**How to complete this task:** Please print, exactly, only the lines in the entries below from the line that has "京田辺市薪堀切谷　中古戸建住宅 トイレ" through the line that has "Vendo casa bifamiliar". Pictures don't go in.

**Input for this task:**
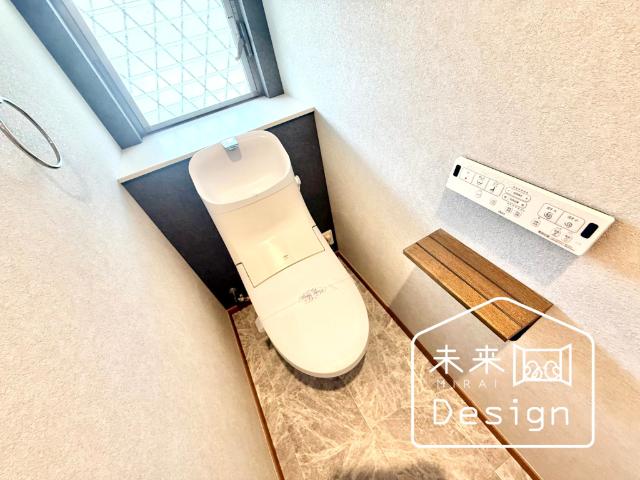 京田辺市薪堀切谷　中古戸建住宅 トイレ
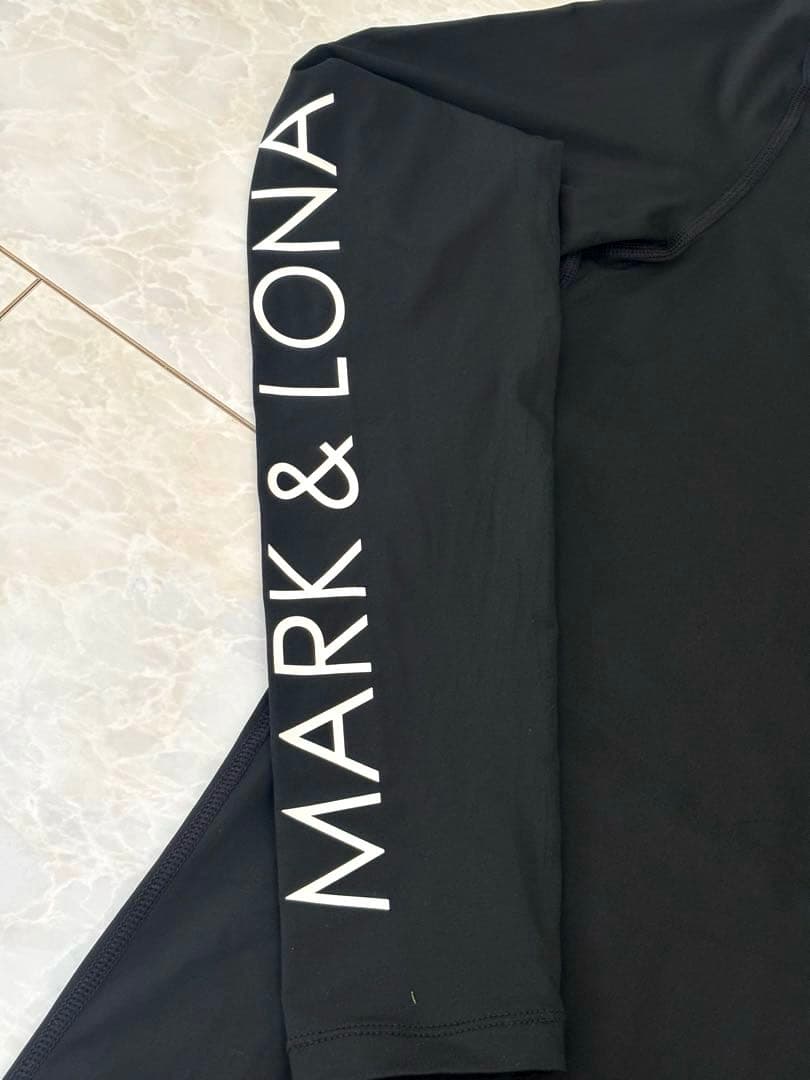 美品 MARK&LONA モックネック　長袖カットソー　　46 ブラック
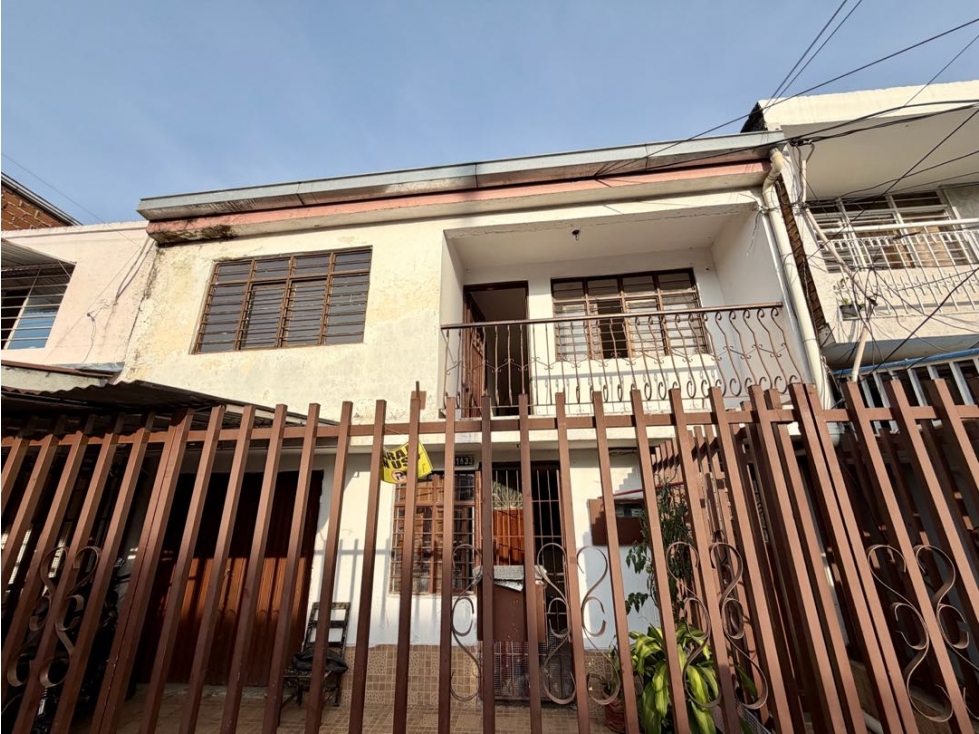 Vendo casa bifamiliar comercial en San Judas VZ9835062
--
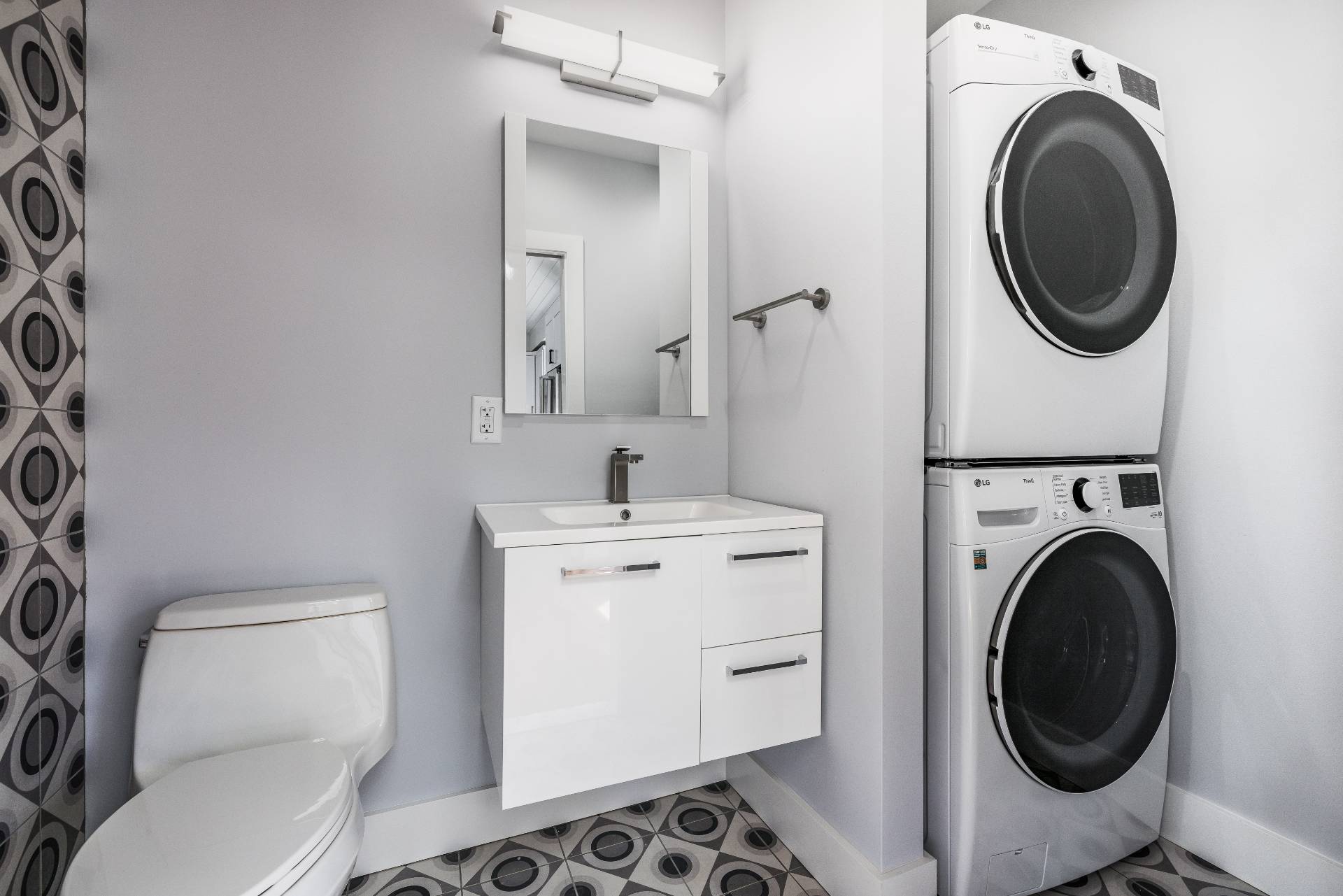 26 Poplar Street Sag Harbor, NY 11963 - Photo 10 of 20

**Solution to the exercise:**
 京田辺市薪堀切谷　中古戸建住宅 トイレ
 美品 MARK&LONA モックネック　長袖カットソー　　46 ブラック
 Vendo casa bifamiliar comercial en San Judas VZ9835062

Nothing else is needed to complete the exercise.